Une mèche mauve barre la chevelure grise de celle qui suit de près les habitudes de consommation des Japonais. Au Japon, on est friands de statistiques. C'est peut-être la raison pour laquelle le pays a adopté le baseball comme sport national. Shodanren, comme les autres organisations, n'en manque pas.

Le Japon n'est pas la société égalitaire qu'elle a déjà été, explique-t-elle, chiffres à l'appui. «La pauvreté chez les jeunes est en forte croissance, à cause des salaires moins élevés et de l'augmentation du travail à temps partiel.»

C'est pourtant ces mêmes jeunes qui doivent faire vivre un contingent de plus en plus imposant de prestataires de retraites, qui comptent déjà pour le quart de la population totale.

Parce qu'ils sont sans emploi ou qu'ils occupent des emplois précaires et mal payés, les jeunes Japonais ne peuvent même pas faire leur contribution obligatoire de 150 $ par mois au régime de retraite public pour s'assurer de recevoir une rente de retraite. «Il faut revoir tout le système des pensions, sinon il va imploser, dit-elle. Les jeunes ne savent même pas s'ils pourront toucher une pension quand leur tour arrivera.»

«Ça va être impossible pour les jeunes», estime Hisa Hanan.

À l'autre extrémité de la pyramide d'âge, ce n'est pas la joie non plus. Les journaux font état de l'augmentation importante de la criminalité chez les personnes âgées, qui volent de la nourriture dans les épiceries et commettent toutes sortes de larcins qui sont normalement l'apanage de la jeune génération.

Ce ne sont pas des légendes urbaines, précise Mme Hanan.

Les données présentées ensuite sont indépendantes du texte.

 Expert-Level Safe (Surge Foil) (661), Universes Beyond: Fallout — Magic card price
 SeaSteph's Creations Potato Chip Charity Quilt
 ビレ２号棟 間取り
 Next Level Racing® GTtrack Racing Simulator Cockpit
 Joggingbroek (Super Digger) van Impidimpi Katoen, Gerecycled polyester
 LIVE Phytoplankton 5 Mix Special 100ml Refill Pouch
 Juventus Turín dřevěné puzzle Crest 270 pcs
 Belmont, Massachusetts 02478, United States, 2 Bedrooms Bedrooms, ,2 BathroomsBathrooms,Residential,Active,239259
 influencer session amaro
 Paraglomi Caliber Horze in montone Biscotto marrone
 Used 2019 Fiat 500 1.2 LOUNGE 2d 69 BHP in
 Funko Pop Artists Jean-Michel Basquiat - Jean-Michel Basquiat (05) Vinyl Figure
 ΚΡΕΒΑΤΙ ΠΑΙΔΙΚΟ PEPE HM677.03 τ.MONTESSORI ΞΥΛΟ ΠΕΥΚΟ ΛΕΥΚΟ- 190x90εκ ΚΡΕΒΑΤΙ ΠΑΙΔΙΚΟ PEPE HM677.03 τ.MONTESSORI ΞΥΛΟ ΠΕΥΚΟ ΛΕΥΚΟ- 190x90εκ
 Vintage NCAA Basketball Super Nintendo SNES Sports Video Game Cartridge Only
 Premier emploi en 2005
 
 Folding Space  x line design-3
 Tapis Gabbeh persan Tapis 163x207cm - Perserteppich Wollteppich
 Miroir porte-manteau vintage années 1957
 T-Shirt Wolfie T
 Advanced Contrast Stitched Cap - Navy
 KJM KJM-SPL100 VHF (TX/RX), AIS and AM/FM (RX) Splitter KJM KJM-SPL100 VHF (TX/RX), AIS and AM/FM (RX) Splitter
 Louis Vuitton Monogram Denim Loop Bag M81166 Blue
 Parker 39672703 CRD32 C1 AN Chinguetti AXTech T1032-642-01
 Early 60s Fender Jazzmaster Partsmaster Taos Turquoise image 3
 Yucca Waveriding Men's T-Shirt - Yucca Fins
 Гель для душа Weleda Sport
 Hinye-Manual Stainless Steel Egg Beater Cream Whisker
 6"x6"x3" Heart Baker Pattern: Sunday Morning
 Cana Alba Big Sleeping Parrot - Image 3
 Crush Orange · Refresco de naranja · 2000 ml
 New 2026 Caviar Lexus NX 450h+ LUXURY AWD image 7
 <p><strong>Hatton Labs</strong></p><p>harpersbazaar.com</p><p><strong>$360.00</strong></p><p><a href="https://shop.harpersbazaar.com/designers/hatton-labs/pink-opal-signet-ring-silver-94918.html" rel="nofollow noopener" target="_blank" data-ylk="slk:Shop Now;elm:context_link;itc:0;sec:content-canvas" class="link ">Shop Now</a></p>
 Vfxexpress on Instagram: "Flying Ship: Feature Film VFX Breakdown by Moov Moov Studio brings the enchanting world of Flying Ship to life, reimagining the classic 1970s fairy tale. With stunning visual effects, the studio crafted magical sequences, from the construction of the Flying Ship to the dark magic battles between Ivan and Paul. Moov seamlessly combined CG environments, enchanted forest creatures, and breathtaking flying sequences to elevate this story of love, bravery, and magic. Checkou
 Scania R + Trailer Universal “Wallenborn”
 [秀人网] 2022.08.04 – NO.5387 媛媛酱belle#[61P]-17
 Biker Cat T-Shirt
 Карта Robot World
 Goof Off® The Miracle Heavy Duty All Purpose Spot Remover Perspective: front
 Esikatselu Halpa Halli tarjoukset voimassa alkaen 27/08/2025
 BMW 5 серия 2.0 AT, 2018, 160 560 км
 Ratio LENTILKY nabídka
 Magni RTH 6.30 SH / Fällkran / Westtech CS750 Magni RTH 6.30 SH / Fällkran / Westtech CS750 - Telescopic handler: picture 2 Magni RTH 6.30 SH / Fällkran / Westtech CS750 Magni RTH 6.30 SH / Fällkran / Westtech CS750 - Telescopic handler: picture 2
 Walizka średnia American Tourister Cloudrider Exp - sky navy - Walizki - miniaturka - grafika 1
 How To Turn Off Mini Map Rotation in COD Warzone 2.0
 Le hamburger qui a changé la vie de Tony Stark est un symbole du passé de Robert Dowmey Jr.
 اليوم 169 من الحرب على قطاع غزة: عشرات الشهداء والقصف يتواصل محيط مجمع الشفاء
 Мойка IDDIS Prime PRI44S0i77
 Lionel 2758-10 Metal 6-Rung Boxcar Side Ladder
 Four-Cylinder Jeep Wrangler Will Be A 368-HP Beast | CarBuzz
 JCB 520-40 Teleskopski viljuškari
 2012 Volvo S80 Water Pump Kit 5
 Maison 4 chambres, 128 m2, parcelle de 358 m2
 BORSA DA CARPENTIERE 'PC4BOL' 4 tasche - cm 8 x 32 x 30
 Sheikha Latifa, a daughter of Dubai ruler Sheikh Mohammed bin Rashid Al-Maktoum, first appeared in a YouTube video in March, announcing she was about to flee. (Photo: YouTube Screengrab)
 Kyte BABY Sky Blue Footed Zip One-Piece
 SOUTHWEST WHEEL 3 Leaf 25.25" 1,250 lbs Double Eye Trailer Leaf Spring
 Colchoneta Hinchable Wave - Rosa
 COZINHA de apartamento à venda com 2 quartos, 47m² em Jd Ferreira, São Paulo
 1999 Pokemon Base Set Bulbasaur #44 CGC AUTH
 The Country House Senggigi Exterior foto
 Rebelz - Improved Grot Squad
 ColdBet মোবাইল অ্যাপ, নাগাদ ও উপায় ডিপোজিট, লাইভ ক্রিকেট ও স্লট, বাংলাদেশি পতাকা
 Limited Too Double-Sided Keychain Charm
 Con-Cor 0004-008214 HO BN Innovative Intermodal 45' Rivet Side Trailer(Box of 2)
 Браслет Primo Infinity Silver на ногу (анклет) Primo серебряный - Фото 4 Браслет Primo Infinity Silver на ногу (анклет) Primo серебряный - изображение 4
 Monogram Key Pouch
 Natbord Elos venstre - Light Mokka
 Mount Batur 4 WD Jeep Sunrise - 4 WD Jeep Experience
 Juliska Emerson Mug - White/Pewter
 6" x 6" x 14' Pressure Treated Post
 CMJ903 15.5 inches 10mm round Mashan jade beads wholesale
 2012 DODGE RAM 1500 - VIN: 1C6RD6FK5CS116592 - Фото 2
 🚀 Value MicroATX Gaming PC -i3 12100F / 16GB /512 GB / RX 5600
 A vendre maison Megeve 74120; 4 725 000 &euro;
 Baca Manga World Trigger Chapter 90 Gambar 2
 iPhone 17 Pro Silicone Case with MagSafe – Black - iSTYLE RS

Il y a bel et bien une augmentation de la criminalité chez les vieux. Selon elle, ça ne peut qu'empirer.

Il va sans dire que l'opposition à la hausse probable de la taxe de vente est très forte dans la population, ce qui explique les tergiversations du gouvernement à passer à l'action.

L'intention du gouvernement japonais, réitérée par le nouveau premier ministre, est de doubler la taxe de vente de 5 à 10 %, de façon graduelle et seulement si la situation économique le permet.

La reprise mondiale connaît des ratés et le débat sur les risques d'augmenter la taxe de vente et d'hypothéquer davantage la croissance économique du Japon n'est pas près de se terminer.

Les solutions

Les économistes ont eu le temps de retourner le problème sous tous les angles. À moins d'augmenter les impôts et réduire les dépenses, l'état des finances publiques continuera de se détériorer.

Les plus récentes conclusions du comité formé par le gouvernement vont dans le même sens que les précédentes. Il propose d'augmenter l'impôt sur le revenu des particuliers et des entreprises, une avenue que peut encore emprunter le gouvernement du Japon puisque ses contribuables ne sont pas surtaxés comme le sont les Québécois. Il suggère également de doubler la taxe de vente de 5 à 10 % et de vendre les participations gouvernementales dans des entreprises comme Japan Tobacco.

À court terme, la reconstruction de la région de Tohoku donnera un coup de fouet à l'économie japonaise. À plus long terme, le gouvernement doit trouver un moyen de maintenir le niveau de vie enviable que les Japonais se sont donné à force de travail.